Statement by the Minister of Social Development, the Honorable Minister Lindiwe Zulu, MP on the launch of Social Development Month

program director;

Honorable Members of the Executive Councils for Social Development in the nine provinces;

the CEOs of SASSA and NDA, Ms. Totsie Memela-Khambula and Ms. Thamo Mzobe respectively;

heads of social development departments in the nine provinces;

Senior at national and provincial levels participating in this sector planning session;

Members of the media; and

South African friends.

Good morning! Dumelang! Sanibonani!

Today marks the start of the most important period in the ministry calendar. October is Social Development Month as it is Mental Health Month in South Africa. Particularly in the midst of CoVID-19, when combined, these distinct areas of interest bring our collective attention to the well-being of every South African.

Today’s launch coincides with the Vooma campaign where President Ramaphosa ordered the whole government to be on the ground to encourage as many South Africa as possible to get vaccinated so that we can reach 70% of the adult population vaccinated by the end of the year.

Additionally, today’s launch takes place on the International Day of Older Persons, when the United Nations commemorates the day with the theme “Digital Equity for All Ages”. Indeed, the significant accessibility of today’s digital and virtual infrastructures by the elderly is the priority of our government because our broadcasting platforms are well on the way to migrating from analog to digital.

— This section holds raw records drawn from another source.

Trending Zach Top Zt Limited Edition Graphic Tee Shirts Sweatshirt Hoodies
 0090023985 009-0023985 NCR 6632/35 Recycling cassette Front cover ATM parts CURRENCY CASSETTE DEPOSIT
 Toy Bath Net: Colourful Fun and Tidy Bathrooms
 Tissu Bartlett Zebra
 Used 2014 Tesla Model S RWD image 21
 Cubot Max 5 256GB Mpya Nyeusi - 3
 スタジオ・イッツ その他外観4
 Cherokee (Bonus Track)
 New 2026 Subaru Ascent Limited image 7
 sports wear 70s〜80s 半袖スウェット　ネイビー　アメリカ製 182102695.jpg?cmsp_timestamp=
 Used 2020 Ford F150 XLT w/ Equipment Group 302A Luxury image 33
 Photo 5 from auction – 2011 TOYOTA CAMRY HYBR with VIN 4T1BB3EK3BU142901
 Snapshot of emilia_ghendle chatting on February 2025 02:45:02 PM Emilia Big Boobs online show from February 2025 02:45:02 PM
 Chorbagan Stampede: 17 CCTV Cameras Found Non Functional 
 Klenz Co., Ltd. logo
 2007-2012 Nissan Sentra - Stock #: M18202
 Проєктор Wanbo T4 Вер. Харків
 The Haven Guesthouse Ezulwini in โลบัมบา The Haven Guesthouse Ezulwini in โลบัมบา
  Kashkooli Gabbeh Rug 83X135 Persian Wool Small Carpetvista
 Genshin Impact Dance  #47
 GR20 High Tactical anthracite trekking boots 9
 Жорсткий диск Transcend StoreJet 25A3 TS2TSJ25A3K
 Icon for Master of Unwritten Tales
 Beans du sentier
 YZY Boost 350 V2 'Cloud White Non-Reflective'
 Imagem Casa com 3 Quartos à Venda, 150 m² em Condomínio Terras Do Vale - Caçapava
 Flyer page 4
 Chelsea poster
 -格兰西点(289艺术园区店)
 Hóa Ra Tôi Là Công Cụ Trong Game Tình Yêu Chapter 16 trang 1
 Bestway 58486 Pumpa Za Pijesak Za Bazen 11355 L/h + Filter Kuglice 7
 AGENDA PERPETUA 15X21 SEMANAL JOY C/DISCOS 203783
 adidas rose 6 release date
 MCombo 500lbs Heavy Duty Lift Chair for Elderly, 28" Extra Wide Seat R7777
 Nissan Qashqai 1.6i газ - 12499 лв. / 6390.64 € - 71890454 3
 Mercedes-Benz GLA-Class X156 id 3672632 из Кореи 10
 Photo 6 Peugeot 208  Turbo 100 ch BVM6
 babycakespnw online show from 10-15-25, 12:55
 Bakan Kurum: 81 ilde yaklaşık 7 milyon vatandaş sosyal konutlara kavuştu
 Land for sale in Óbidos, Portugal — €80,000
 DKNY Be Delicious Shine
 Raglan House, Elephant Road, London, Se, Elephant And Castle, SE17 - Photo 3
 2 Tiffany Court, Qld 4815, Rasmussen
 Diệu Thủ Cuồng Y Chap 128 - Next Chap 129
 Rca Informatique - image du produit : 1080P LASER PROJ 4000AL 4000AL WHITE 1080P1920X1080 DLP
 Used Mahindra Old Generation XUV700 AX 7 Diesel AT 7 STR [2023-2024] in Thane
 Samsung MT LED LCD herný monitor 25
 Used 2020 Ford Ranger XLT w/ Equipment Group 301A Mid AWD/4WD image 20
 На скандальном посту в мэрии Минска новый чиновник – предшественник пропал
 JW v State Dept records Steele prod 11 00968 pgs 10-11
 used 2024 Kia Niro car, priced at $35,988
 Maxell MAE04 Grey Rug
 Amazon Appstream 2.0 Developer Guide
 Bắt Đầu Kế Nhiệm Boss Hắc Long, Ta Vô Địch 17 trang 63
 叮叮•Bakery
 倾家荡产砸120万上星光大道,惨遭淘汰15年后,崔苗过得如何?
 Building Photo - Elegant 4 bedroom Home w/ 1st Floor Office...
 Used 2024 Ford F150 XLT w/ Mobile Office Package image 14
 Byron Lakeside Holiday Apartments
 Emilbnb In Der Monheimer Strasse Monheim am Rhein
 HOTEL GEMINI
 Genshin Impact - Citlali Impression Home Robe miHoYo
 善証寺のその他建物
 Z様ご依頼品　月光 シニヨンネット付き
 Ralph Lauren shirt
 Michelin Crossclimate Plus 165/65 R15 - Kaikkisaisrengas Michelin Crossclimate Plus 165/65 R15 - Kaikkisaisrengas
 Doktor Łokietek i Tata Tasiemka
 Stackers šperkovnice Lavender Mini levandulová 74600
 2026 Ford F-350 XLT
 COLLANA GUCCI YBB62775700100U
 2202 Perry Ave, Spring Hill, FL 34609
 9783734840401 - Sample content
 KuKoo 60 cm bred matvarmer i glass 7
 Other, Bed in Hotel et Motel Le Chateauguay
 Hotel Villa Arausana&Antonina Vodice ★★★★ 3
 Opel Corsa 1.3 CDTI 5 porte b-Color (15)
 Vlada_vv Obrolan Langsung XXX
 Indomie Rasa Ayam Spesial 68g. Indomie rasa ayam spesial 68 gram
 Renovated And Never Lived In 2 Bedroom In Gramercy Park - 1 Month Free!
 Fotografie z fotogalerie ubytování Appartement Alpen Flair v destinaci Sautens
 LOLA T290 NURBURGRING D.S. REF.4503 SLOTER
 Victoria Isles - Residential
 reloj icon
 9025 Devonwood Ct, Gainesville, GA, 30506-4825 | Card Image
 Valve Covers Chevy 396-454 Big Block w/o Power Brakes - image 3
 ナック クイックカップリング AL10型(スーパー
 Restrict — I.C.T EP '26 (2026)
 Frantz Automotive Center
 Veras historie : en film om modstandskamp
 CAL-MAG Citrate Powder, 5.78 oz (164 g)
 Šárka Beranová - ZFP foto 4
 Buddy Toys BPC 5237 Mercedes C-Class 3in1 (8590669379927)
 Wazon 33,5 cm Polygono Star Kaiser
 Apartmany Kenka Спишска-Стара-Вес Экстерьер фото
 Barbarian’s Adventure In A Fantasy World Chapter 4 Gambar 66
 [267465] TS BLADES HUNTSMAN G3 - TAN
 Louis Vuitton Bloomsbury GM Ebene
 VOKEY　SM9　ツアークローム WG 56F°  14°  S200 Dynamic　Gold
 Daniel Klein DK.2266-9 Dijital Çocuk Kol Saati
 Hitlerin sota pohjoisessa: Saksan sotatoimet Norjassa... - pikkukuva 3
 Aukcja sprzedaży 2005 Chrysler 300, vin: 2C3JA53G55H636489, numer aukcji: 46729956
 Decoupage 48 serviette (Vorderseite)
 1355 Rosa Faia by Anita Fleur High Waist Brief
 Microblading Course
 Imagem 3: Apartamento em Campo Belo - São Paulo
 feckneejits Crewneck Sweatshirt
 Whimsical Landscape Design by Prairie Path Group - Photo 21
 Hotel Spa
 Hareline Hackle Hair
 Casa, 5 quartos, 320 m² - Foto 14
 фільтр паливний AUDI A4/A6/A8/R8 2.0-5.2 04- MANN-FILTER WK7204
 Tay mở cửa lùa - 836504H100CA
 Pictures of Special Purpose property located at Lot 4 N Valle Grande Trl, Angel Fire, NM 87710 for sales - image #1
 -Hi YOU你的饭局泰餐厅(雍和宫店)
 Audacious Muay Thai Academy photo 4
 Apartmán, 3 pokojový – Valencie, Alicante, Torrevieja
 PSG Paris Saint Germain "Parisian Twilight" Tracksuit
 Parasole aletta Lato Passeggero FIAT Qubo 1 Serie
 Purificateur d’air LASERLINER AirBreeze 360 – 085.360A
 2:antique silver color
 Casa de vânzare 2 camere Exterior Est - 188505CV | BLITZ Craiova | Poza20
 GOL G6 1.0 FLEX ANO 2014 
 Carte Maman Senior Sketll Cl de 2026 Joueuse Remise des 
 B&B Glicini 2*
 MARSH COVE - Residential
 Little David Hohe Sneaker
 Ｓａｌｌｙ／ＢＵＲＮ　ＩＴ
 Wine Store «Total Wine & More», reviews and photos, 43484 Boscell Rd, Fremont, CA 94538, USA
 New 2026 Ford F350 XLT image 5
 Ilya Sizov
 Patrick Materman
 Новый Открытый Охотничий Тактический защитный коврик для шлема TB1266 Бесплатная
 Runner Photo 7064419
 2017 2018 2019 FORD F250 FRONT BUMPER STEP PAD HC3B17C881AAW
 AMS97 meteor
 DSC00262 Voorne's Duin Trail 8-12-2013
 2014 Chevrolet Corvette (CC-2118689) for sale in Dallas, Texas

Earlier this week I visited and celebrated the birthday of South Africa’s oldest person at 115 in the Grand Karoo Ms., Margerate Marits – this is part of our elder awareness programs.

For these reasons, as we launch Social Development Month, we do so by calling for the full realization of the capacities and perspectives of every South African, as well as the destruction of the violent legacy of colonial apartheid. that continues to unfold in our lives today. .

By launching this month-long campaign under the theme ‘Delivering DSD Services During COVID-19 During Charlotte Maxeke’s Year’, we do so by deepening active citizenship, supporting community initiatives and co-creating solutions with the people where they live.

Working under the District Development Model approach adopted by the government, this month the Social Development Sector will show how our services have been responsive, relevant, innovative and holistic in this sense. that they were implemented by targeted people – public-private-civic-academic-multilateral partnerships.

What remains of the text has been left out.